The interview takes place in a small, bland room with oatmeal-coloured walls, heavy-duty ribbed grey carpet and recessed halogen lighting – it could be in a hospital or a school, the same anonymity. The light is garish and makes us all look washed out.

The detective, DS Bray, explains the protocol for the session. He makes eye contact a lot and has an easy, confident manner. A little like Neil, in fact, though nowhere near as beautiful. This is how Neil would be when he gave his students’ reports at parents’ evening – friendly and open and a pleasure to talk to. The police say they will record my interview on video. The camera is already running. He reads the caution, the one from all the telly programmes, and asks if I understand it.

He begins commiserating with me on Neil’s death, he understands what a difficult time it must be, sorry to intrude, but they would really like to hear my account of that day. Perhaps if I start from the evening before? How was Neil then?

I hesitate. ‘No comment.’ My voice sounds hollow. He’s not put off by this: he must have been expecting it, though his colleague, a scratchy-looking man with dry skin, rolls back his shoulders, betraying irritation.

‘Your husband Neil was suffering from motor neurone disease?’

‘No comment.’

‘How long since his diagnosis?’

A year and nine months. ‘No comment.’

‘How long had you been married?’

Had, as though the marriage ended with Neil’s death. We still are, I want to tell him. If Neil had lived we would have reached twenty-four years this September. Twenty-four years and he’s still my husband. I long to tell the man that, to prove the longevity of our relationship. ‘No comment.’
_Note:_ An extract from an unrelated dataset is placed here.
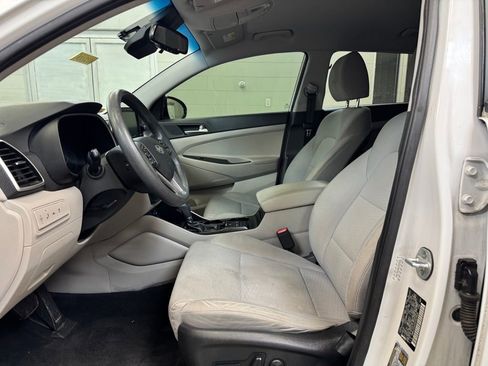 Used 2019 Hyundai Tucson Value FWD image 11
Ms Gleason said it would be hard but there is worse to come. ‘Was it a happy marriage?’

My throat swells. ‘No comment.’

‘You cared for him as his health declined.’

‘No comment.’

‘Was he on any medication?’

‘No comment.’

‘How was he that morning?’

‘No comment.’

‘Could he work?’

Neil, his lovely long legs, they could no longer bear his weight. He’d been so tall and strong, able to carry me. I’d revelled in his strength. My voice falters: ‘No comment.’

‘You have a son – Adam?’

‘No comment.’

He makes me negate everything about my life. I hate him for it. And I feel craven. Unable to own the circumstances of who I am, what I am. His tone is measured and warm, but the process is brutal. Each question is a blow disguised as a caress.

‘And a daughter, Sophie?’

Oh, Sophie, Sophie. My lovely girl. I should have cuddled her this morning – even if she didn’t want to talk surely a hug would have helped. A pause, my mouth waters and my eyes sting. I can feel the pressure as the tip of my nose reddens. I swallow hard.

‘This isn’t really helping us, Deborah.’ He is a sensible parent, a concerned form tutor. With ghastly inappropriateness I remember a joke Jane told me. About the inflatable boy who sticks a drawing pin in his foot and is called to see the headmaster. ‘You’ve let us all down,’ the head tells him, ‘you’ve let me down, you’ve let the school down and most of all you’ve let yourself down.’

I blurt out a noise, a laugh or a sob. It doesn’t matter, does it?

‘If we can just hear your account of what happened to Neil it might help answer some of the inconsistencies we’ve come across. We’re as eager as you are to see this sorted out.’

My solicitor chips in – can she smell me weakening? ‘My client does not want to comment.’

‘You said previously that you discovered your husband at three o’clock and couldn’t rouse him. Is that correct?’

‘No comment.’

How does he know this? Then I remember the comic-book-hero policeman, with the wide jaw and narrow forehead, who called while the ambulance was there, making notes at our kitchen table. What else did I say?

‘No comment.’

‘Did you give your husband any medication of any sort that day?’